The Nyquist-Shannon sampling theorem is not specific to music, but is fundamental to any digital sampling of a signal.
The Nyquist-Shannon sampling theorem states that the frequency content of a signal is fully represented by sampling at a certain frequency if the signal does not contains frequencies higher than one-half of the sampling rate.
In other words, to properly represent a frequency one must sample it with a sampling rate that is at least twice that frequency. To represent the frequency 1000 Hz properly, we must use at least 2000 samples per second. If we sample with 2000 samples per second, we can "catch" only frequencies up to 1000 Hz.
For example, audio CDs store digital audio at the 44.1 KHz sampling rate. It is accepted that the human ear can perceive frequencies up to 22 KHz and hence a sampling rate of at least 2 * 22 KHz = 44 KHz is necessary to represent the full frequency spectrum of what is humanly audible.
The Nyquist-Shannon sampling theorem is sometimes described as the Shannon-Kotelnikov theorem or the Nyquist-Kotelnikov theorem. The theorem has many variations and the names Nyquist, Shannon, and Kotelnikov are used in various combinations.

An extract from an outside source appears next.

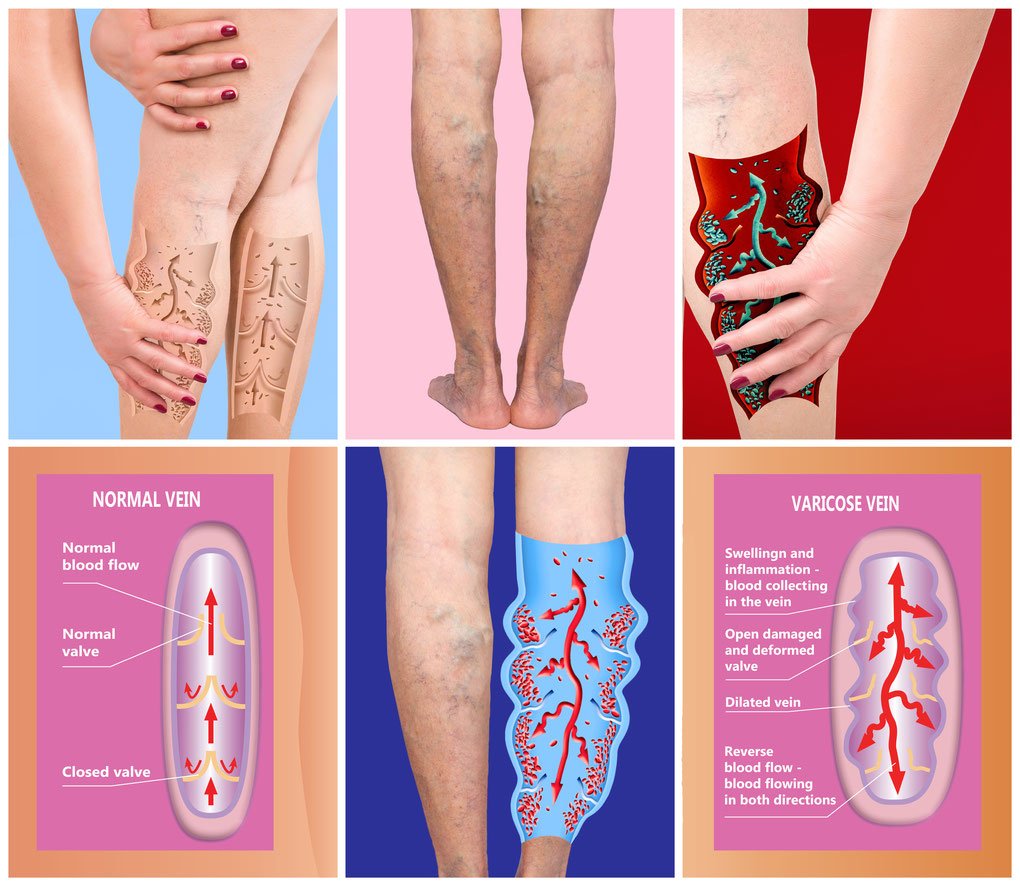 Signs and Symptoms of Deep Vein Thrombosis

The following, for example, is the Nyquist-Kotelnikov theorem: "Every signal, which can be integrated in time and has a finite frequency spectrum, can be sampled at intervals of time that are smaller or equal to 1 / (2 fs), where fs is the maximum of the frequency spectrum."
A good example of how the Nyquist-Shannon sampling theorem works is to consider sampling at the sampling frequency fs of a simple wave with zero phase and frequency fs. At every sample k, the value of this simple wave would be
cos(2 π k fs / fs) = cos(2 π k) = 1
This simple wave cannot be sampled properly with the given sampling frequency. The sampled data can be confused with the frequency 0 (with DC gain of 1).
In fact, if the sampling rate is fs, any frequency above fs / 2 will be confused with a frequency below fs / 2. An example is provided in the topic Aliasing.